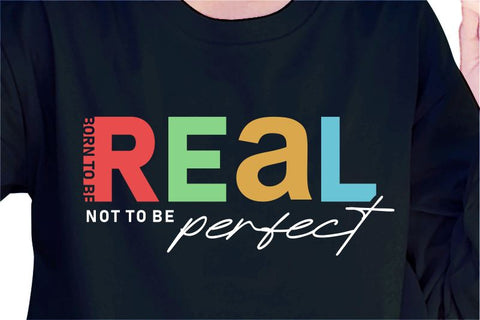 Born To Be Real Not To Be Perfect SVG, Inspirational Quotes, Motivatinal Quote Sublimation PNG T shirt Designs, Sayings SVG, Positive Vibes, SVG D2PUTRI Designs 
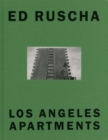Image for Ed Ruscha  : Los Angeles apartments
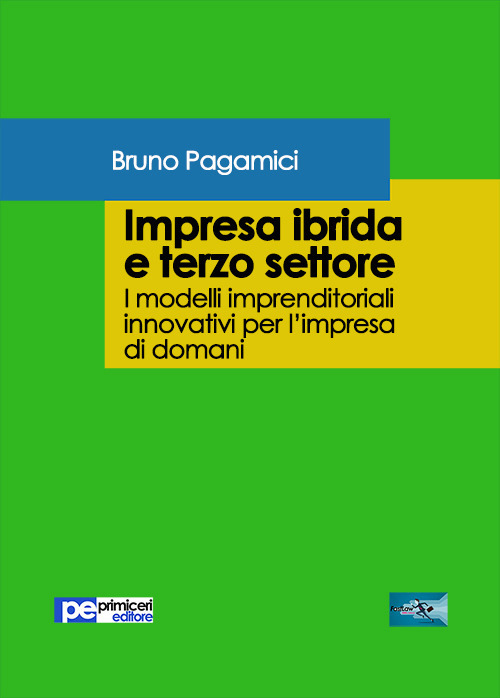 Impresa ibrida e terzo settore Impresa ibrida e terzo settore
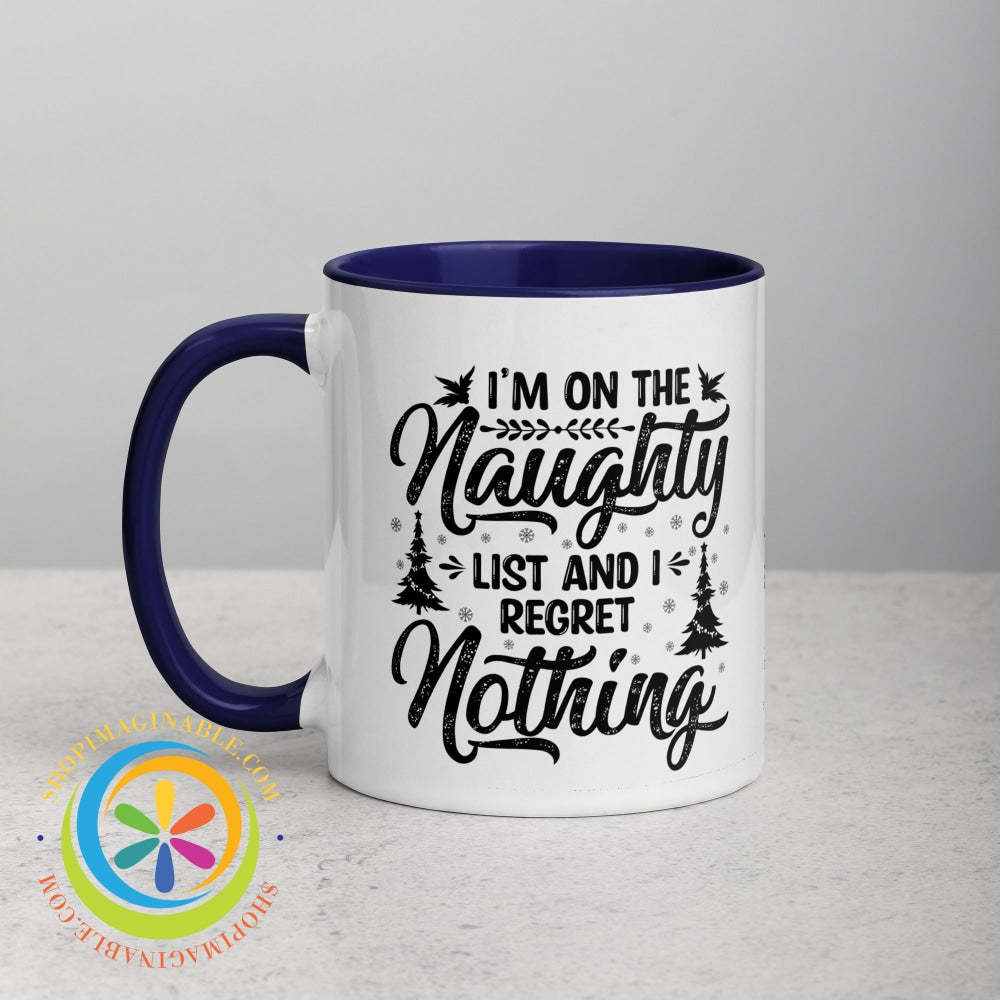 Im On The Naughty List No Regrets Color Inside Coffee Mug Coffee Cup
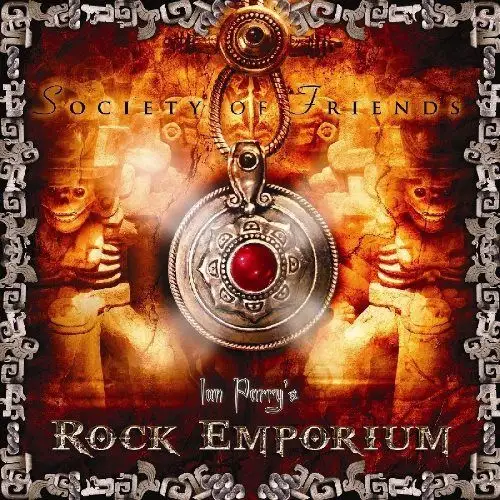Ian Parry’s Rock Emporium - Society Of Friends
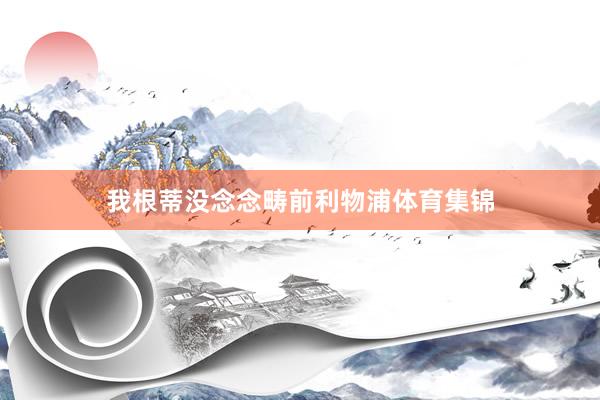 我根蒂没念念畴前利物浦体育集锦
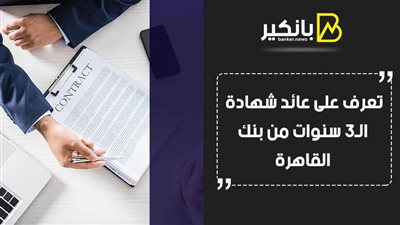 تعرف على عائد شهادة الـ3 سنوات من بنك القاهرة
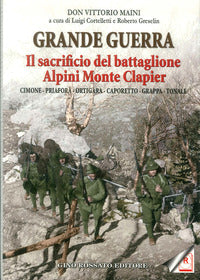 Grande guerra - il sacrificio del battaglione alpini monte clapier 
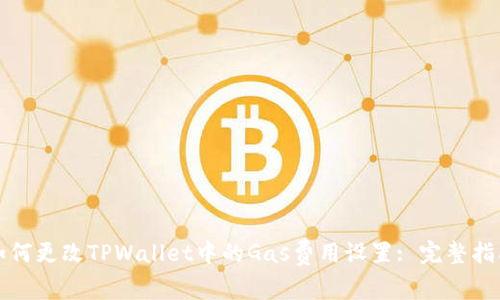 如何更改TPWallet中的Gas费用设置: 完整指南
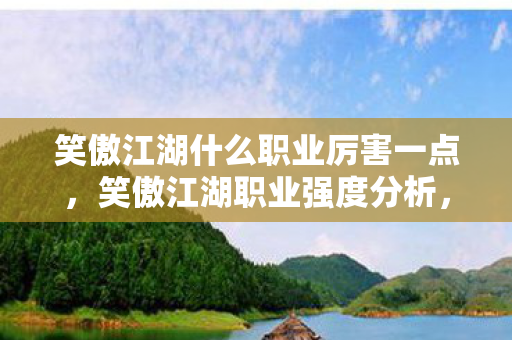 笑傲江湖什么职业厉害一点,笑傲江湖职业强度分析,谁才是江湖霸主? 笑傲江湖什么职业厉害一点,笑傲江湖职业强度分析,谁才是江湖霸主?
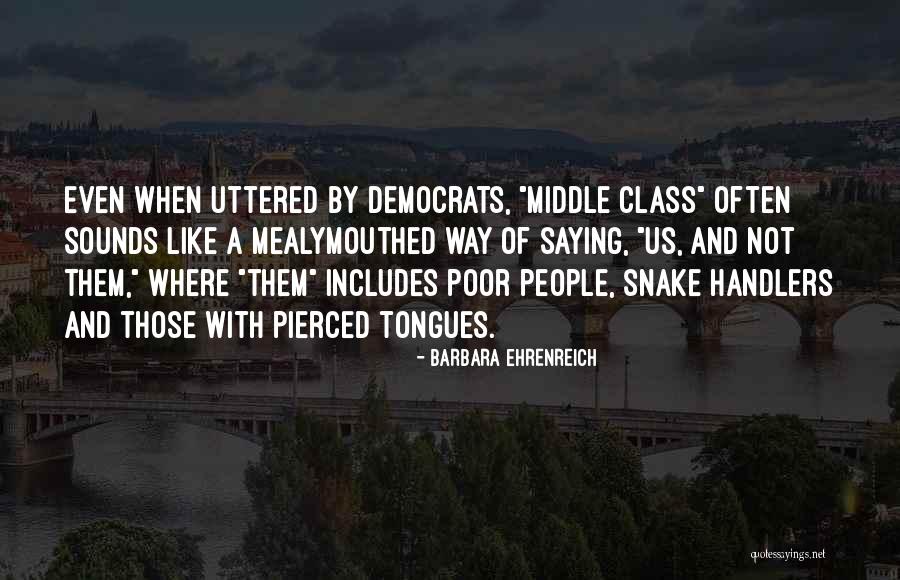 Pierced Quotes By Barbara Ehrenreich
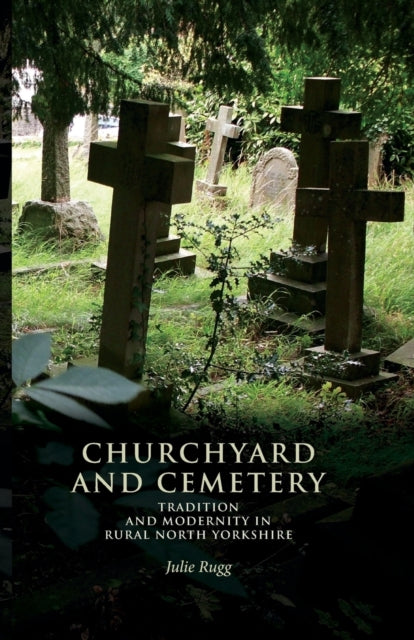 Book cover of: Churchyard and Cemetery. By: Julie Rugg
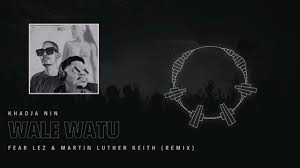  Khadja Nin - Wale Watu (Fear Lez & Martin Luther Keith Bootleg)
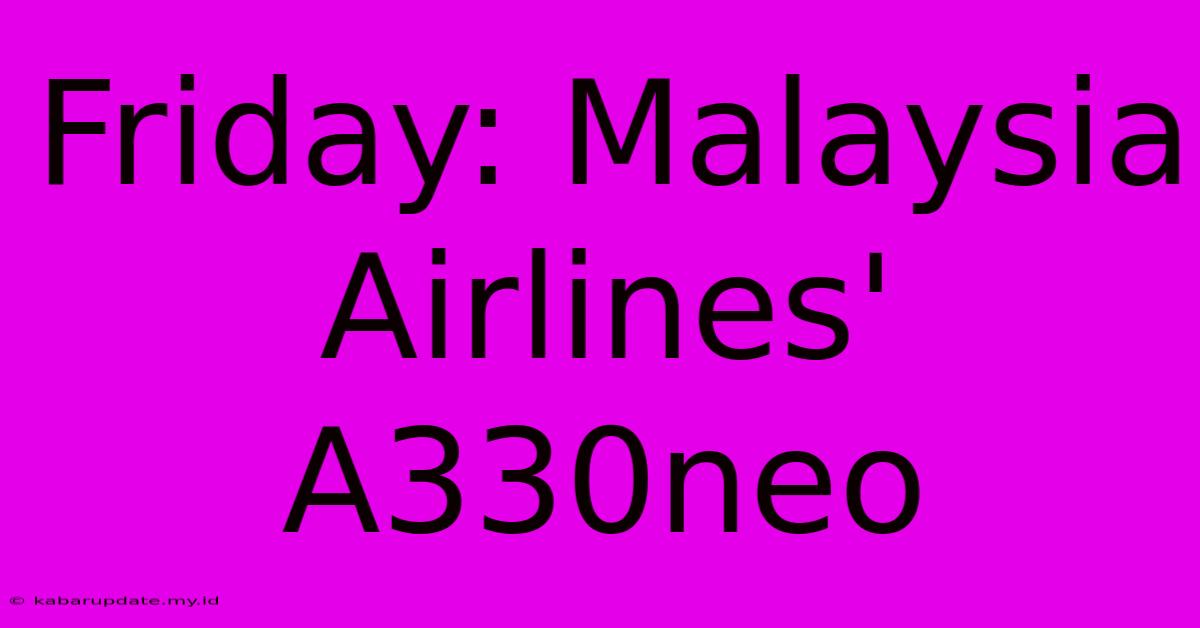 Friday: Malaysia Airlines' A330neo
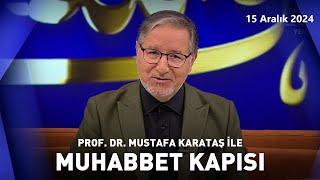 Prof. Dr. Mustafa Karataş ile Muhabbet Kapısı | 15 Aralık 2024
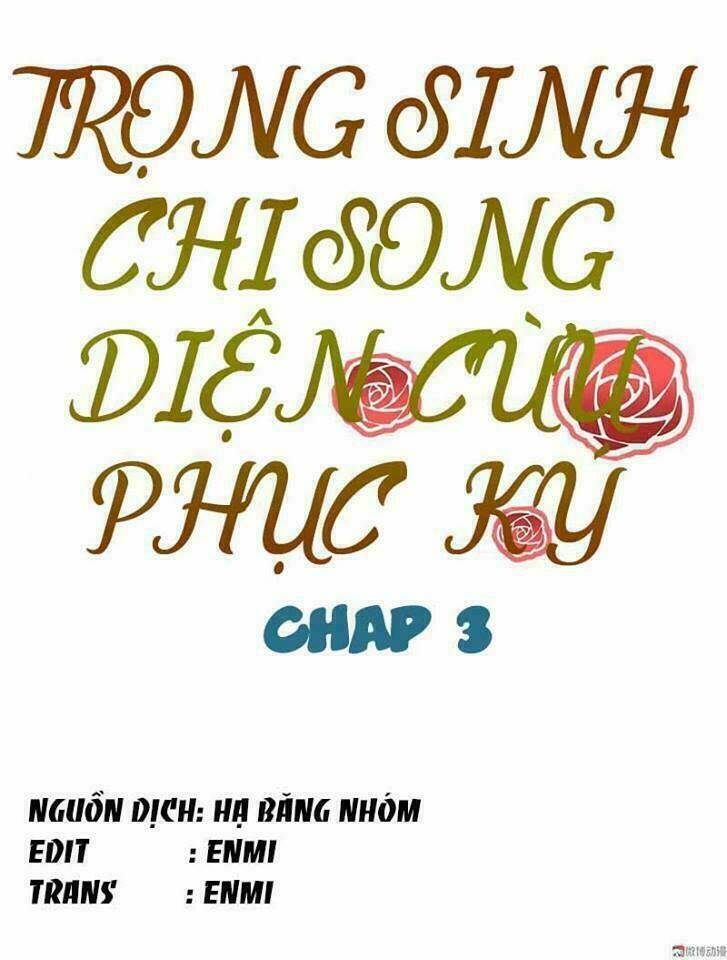 Trọng Sinh Chi Song Diện Cừu Phục Ký: Chapter 3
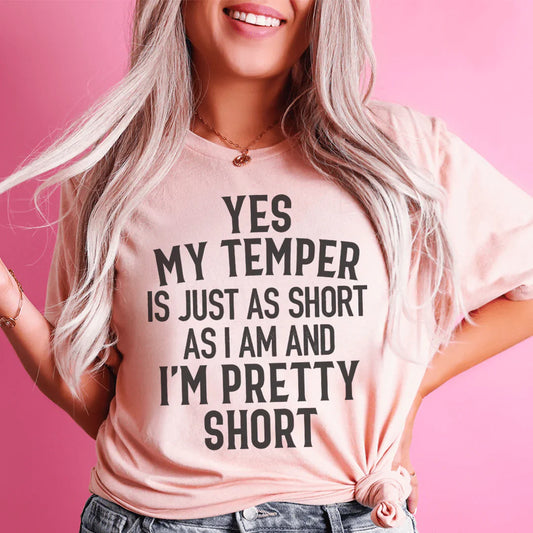 Yes My Temper Is Just As Short As I Am And I'm Pretty Short Tee shopmerchmallow Yes My Temper Is Just As Short As I Am And I'm Pretty Short Tee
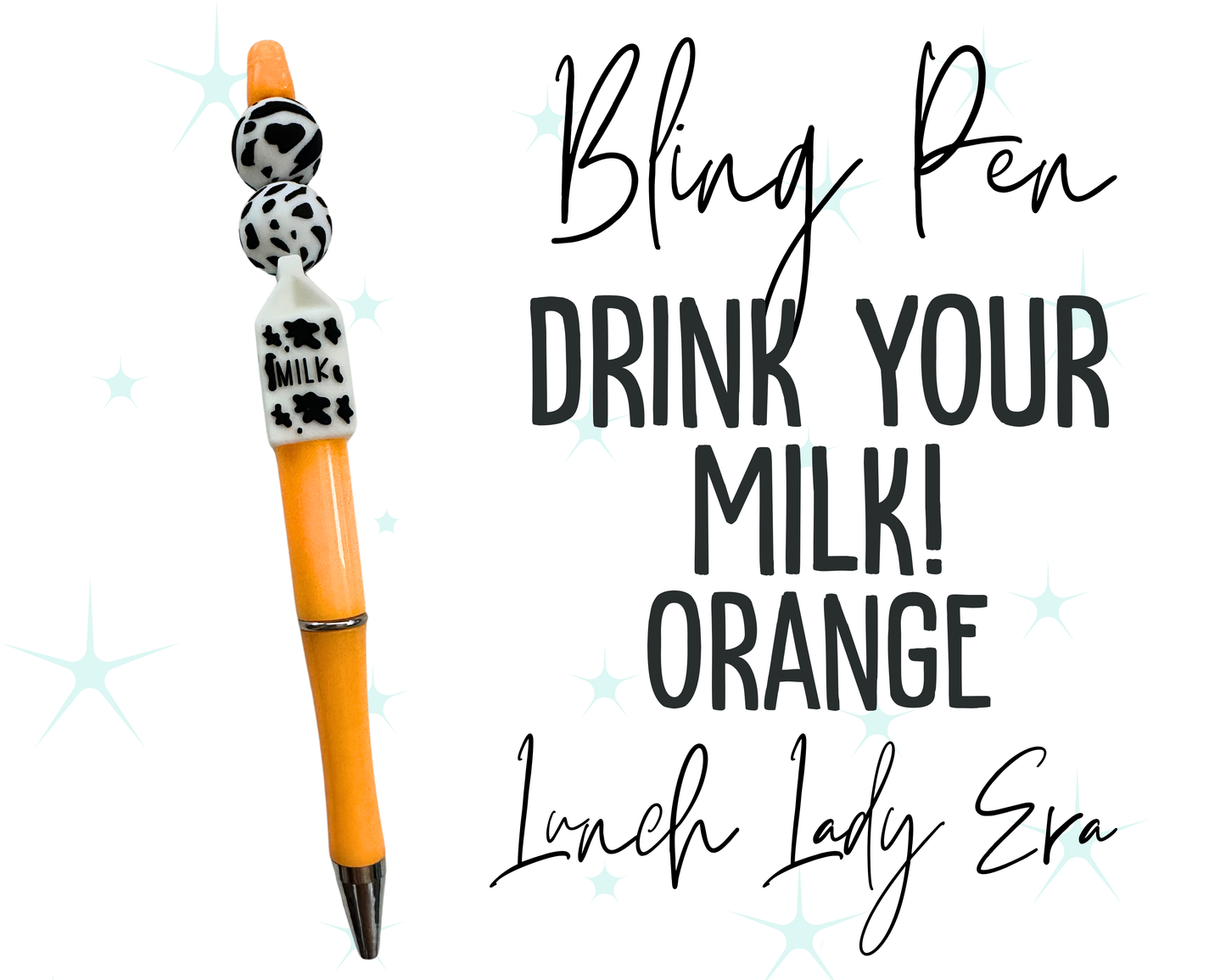 Drink Your Milk Bling Pen * Orange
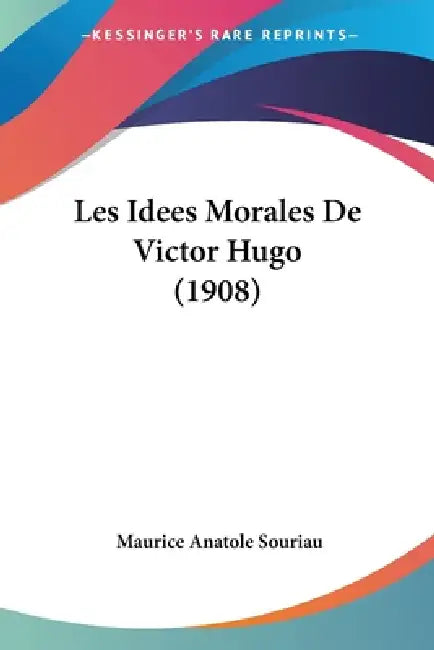 Les Idees Morales De Victor Hugo (1908) by Maurice Anatole Souriau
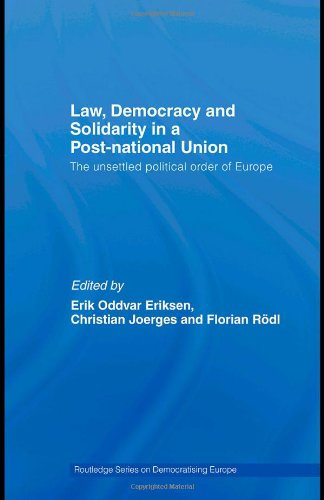 Law Democracy And Solidarity In A Postnational Union The Unsettled Political Order Of Europe Routledge Studies On Democratising Europe 1st Edition Erik Od Eriksen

Exercise instructions: Please return only the lines running from the line with "Ian Parry’s Rock" to the final line of the data, both included, exactly and without any pictures.

Task response:
Ian Parry’s Rock Emporium - Society Of Friends
 我根蒂没念念畴前利物浦体育集锦
 تعرف على عائد شهادة الـ3 سنوات من بنك القاهرة
 Grande guerra - il sacrificio del battaglione alpini monte clapier 
 如何更改TPWallet中的Gas费用设置: 完整指南
 笑傲江湖什么职业厉害一点,笑傲江湖职业强度分析,谁才是江湖霸主? 笑傲江湖什么职业厉害一点,笑傲江湖职业强度分析,谁才是江湖霸主?
 Pierced Quotes By Barbara Ehrenreich
 Book cover of: Churchyard and Cemetery. By: Julie Rugg
  Khadja Nin - Wale Watu (Fear Lez & Martin Luther Keith Bootleg)
 Friday: Malaysia Airlines' A330neo
 Prof. Dr. Mustafa Karataş ile Muhabbet Kapısı | 15 Aralık 2024
 Trọng Sinh Chi Song Diện Cừu Phục Ký: Chapter 3
 Yes My Temper Is Just As Short As I Am And I'm Pretty Short Tee shopmerchmallow Yes My Temper Is Just As Short As I Am And I'm Pretty Short Tee
 Drink Your Milk Bling Pen * Orange
 Les Idees Morales De Victor Hugo (1908) by Maurice Anatole Souriau
 Law Democracy And Solidarity In A Postnational Union The Unsettled Political Order Of Europe Routledge Studies On Democratising Europe 1st Edition Erik Od Eriksen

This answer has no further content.